Kampar hero dies

30 Apr 2014 / 21:14 H.

KUALA LUMPUR: Chye Kooi Loong (pix), world-renowned authority on the Battle of Kampar which saw the Japanese suffer their biggest defeat in their Malayan campaign during World War 11, died in Ipoh on April 23.
Chye, 85, who spoke internationally on the battle between the British and Japanese forces from Dec 30, 1941 to Jan 2, 1942, is survived by his wife, Yoon Lai Fun, and two sons.
He was an indefatigable champion for the preservation of the historical battlefield site "Green Ridge", working over the past 32 years to get it gazetted as a heritage site and war monument.
However, he was unsuccessful in doing so to protect the site from future development.
He did , however, manage to erect a plaque in memory of the British Battalion at St Michael's Institution in 2012 after years of objection from the school board.
Chye was 12 when the retreating British-led forces arrived at Kampar in order to make a stand against the advancing Japanese forces.
Nearly 1,300 British Empire soldiers are said to have successfully battled 4,000 Japanese soldiers in what is believed to be the only serious defeat of the Japanese army in its Malayan campaign.
The young boy quickly befriended soldiers of the British Battalion which had been formed at St Michael's Institution, Ipoh, on Dec 20, 1941 by amalgamating the remnants of the 1st Battalion, Leicester Regiment and the 2nd Battalion, East Surrey Regiment.
The soldiers called him "Joe" and before they left for the Battle of Kampar, they gave him four brass buttons and two regimental badges with the parting words: "Remember us Joe".
Those words forever haunted Chye.
As he approached retirement, he spent seven years researching on the Battle of Kampar and the men who had fought in it.
His research on the valour of the British Battalion, the 1st (Perak) Battalion of the Federated Malay States Volunteer Force, the Indian Army Brigades and the commando unit known as Roseforce, all went into his magnum opus, "The British Battalion in the Malayan Campaign 1941-1942" which was first published in the United Kingdom in 1984.
The book coincided with the 300th anniversary of the founding of the Royal Leicester Regiment.
He received a letter of appreciation from the late Baroness Margaret Thatcher, who was then the Prime Minister, after his book was published.
On the basis of his book, Chye became recognised as an authority on the Battle of Kampar and was even invited to lecture at the Royal Military Academy Sandhurst and various military clubs and regimental associations in the United Kingdom.
He was not known to the Malaysian military establishment until he was "discovered" by a senior officer from the Malaysian Armed Forces who happened to be attending a course at Sandhurst.
After that Chye was regularly invited to give lectures at the Malaysian Royal Military College (RMC).
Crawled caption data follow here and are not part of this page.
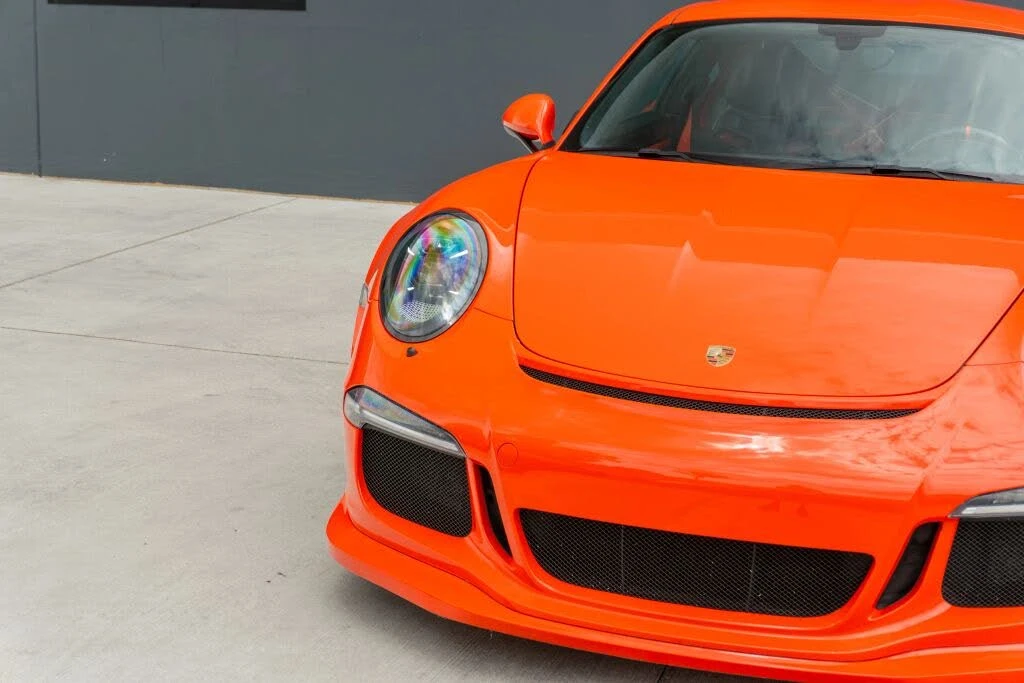2016 Porsche 991 GT3 RS - Image 29 of 31
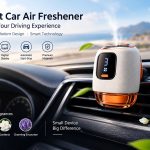 How Smart Car Air Fresheners Help Automotive Retailers Differentiate Their Product Lines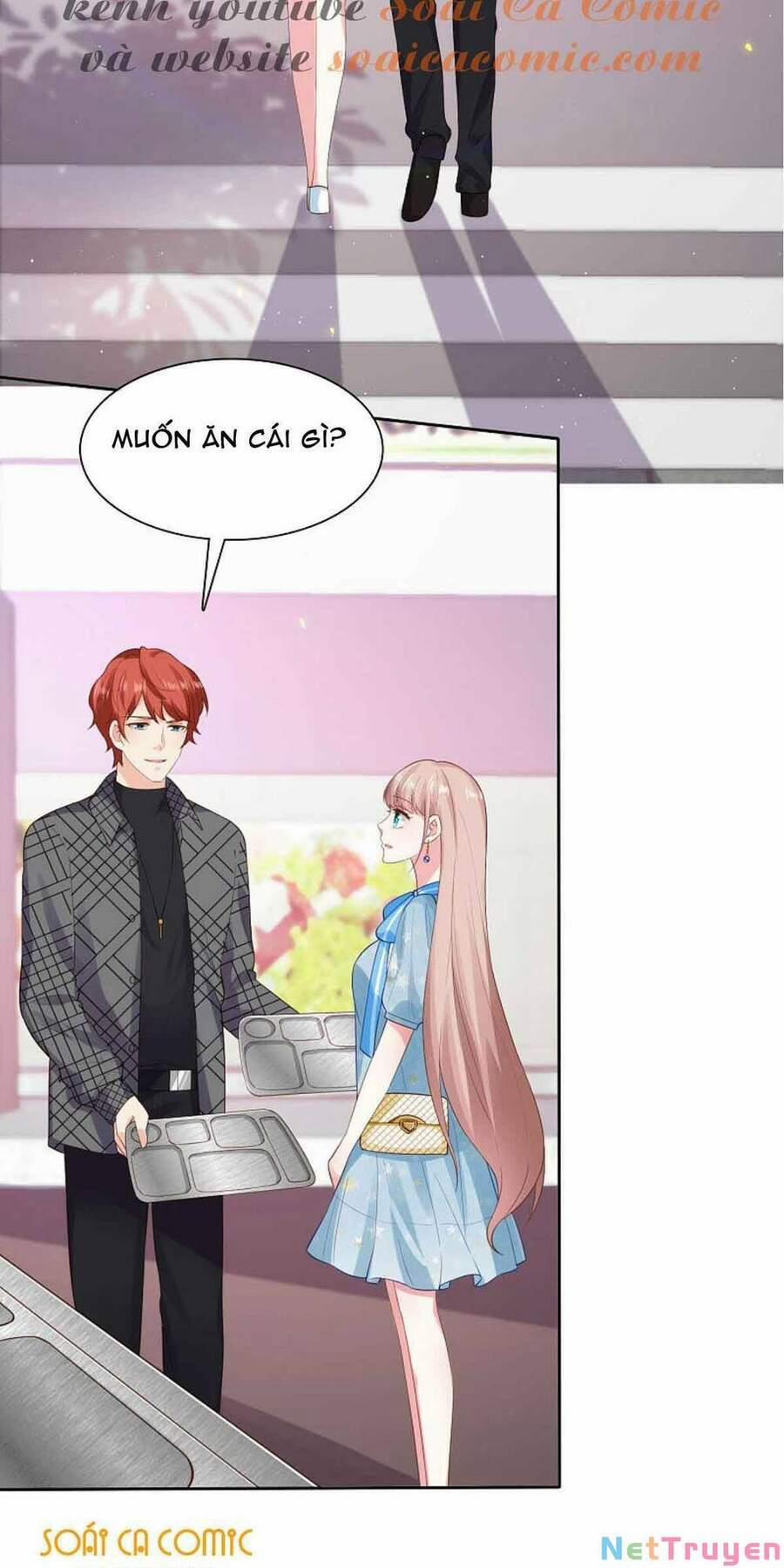 Băng Sơn Tổng Tài Sủng Thê Đến Vô Đạo 98 trang 22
It was at the RMC that Chye encountered a visiting Japanese army major to whom he deliberately related the horrors faced by Malayans during the war.
The officer immediately stood up, bowed deeply to Chye and unreservedly apologised for the conduct of the Imperial Japanese Army in Malaya during the war!
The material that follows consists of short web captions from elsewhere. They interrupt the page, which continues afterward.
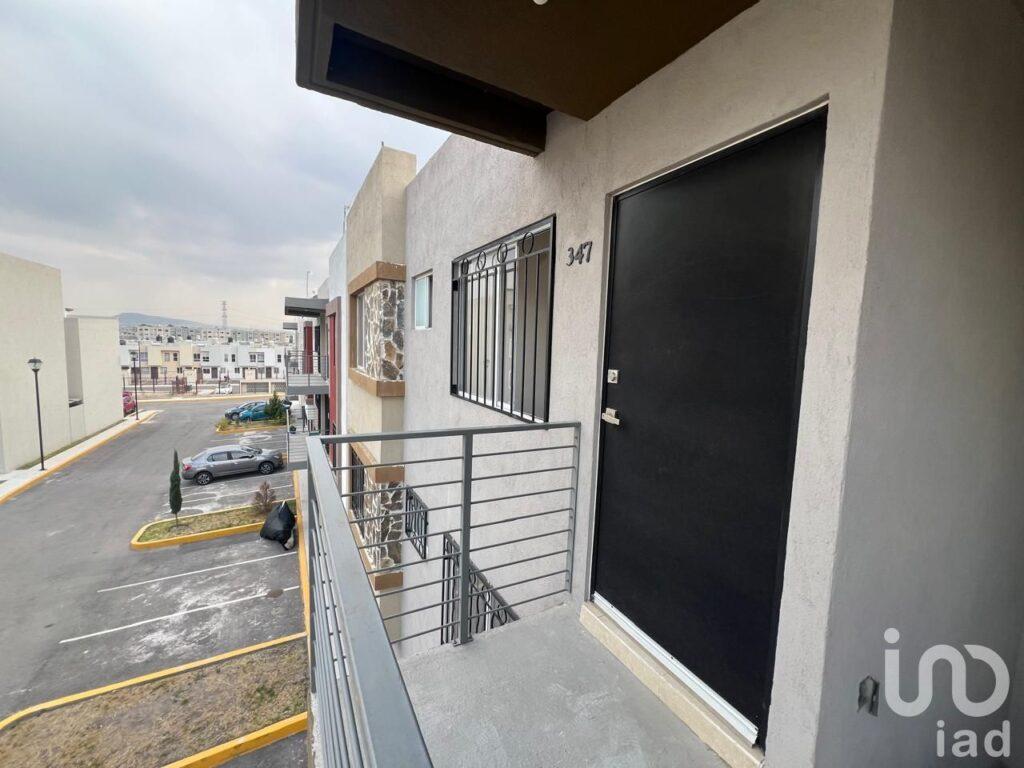 Departamento en venta, Real Granadas, Tecamac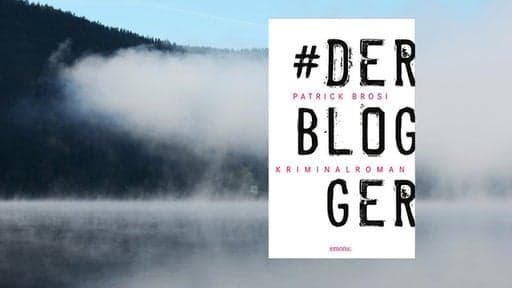 The Blogger - Patrick Brosi as an author | geOps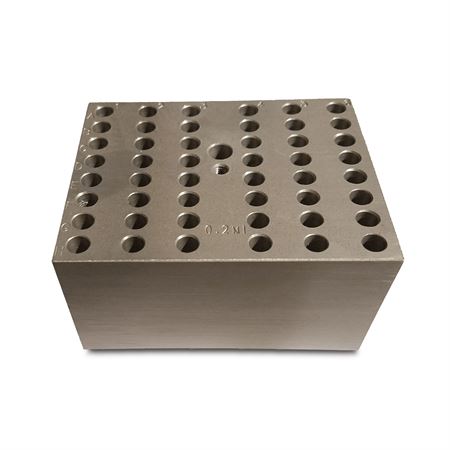 Block Accessories Holds 24 x 1.5/2.0mL Centrifuge Tubes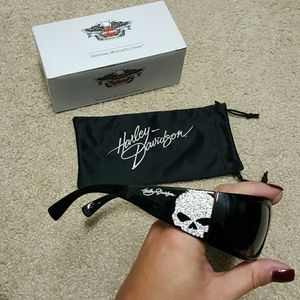 Women's harley Davidson sunglasses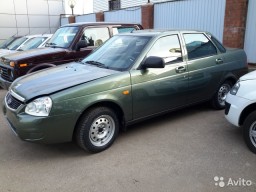 LADA / PRIORA (2170/2171/2172) / 312 / ЗЕЛЕНЫЙ ЧАЙ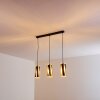 Vänersborg Hanglamp Zwart, 3-lichts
Besides delivering lectures, Chye also regularly acted as a guide to visitors interested in the history of the Kampar battlefield, until he was physically unable to do so.
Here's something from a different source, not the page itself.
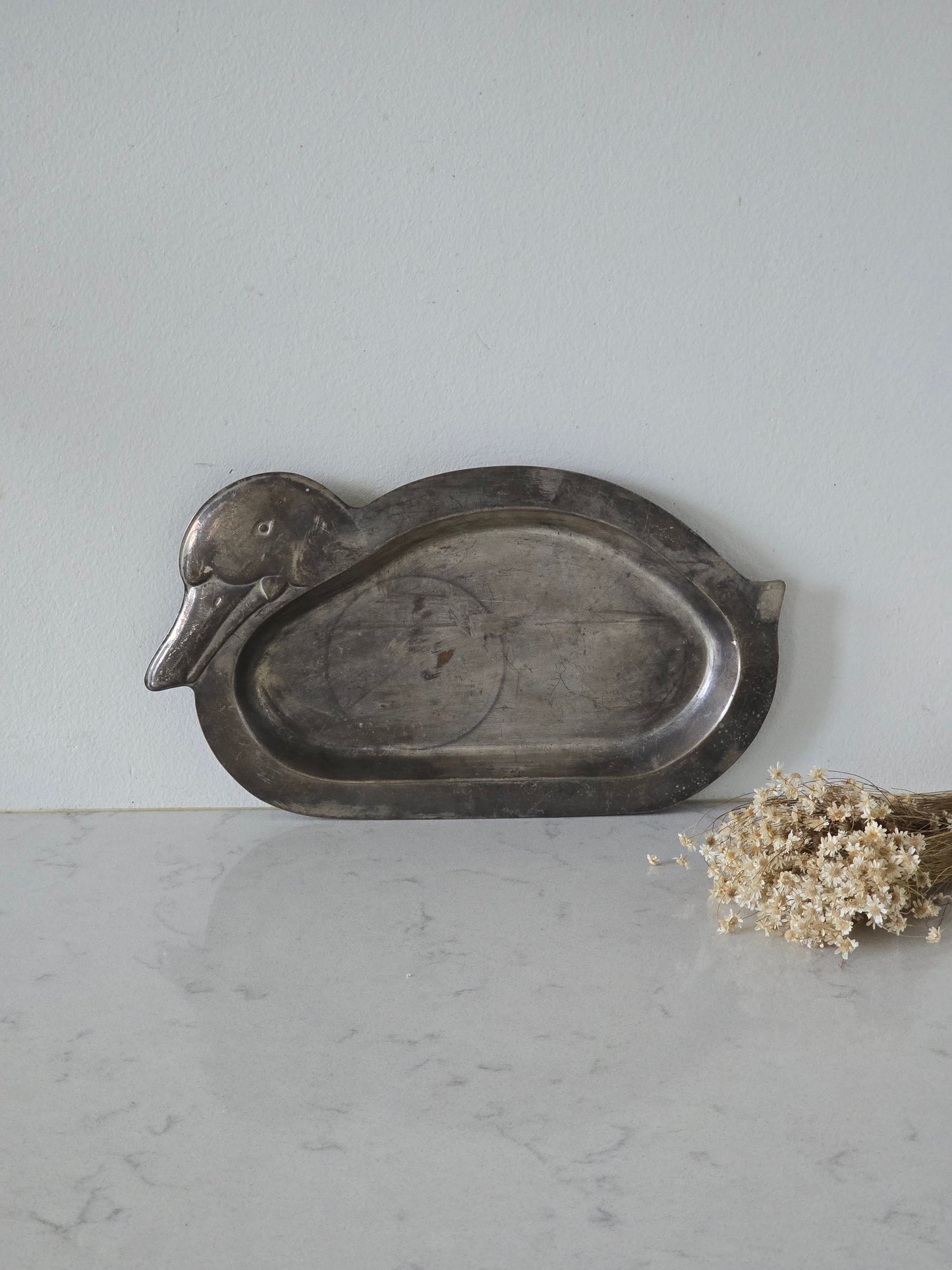 vintage lintutarjotin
For his life's work and contribution to British military history, Chye and his wife were among seven Malaysian couples specially invited to meet Queen Elizabeth II and Prince Philip during their visit to Malaysia in 1998.
Chye was made an honorary member of the Most Excellent Order of the British Empire (MBE) in 2007. When he was in RELA, he caught the attention of Sultan Azlan Shah of Perak who was intrigued by all the foreign medals on his uniform and he was subsequently awarded the Paduka Mahkota Perak (PMP) in 2004.
Chye, who represented Perak in athletics, qualified as a teacher in 1952.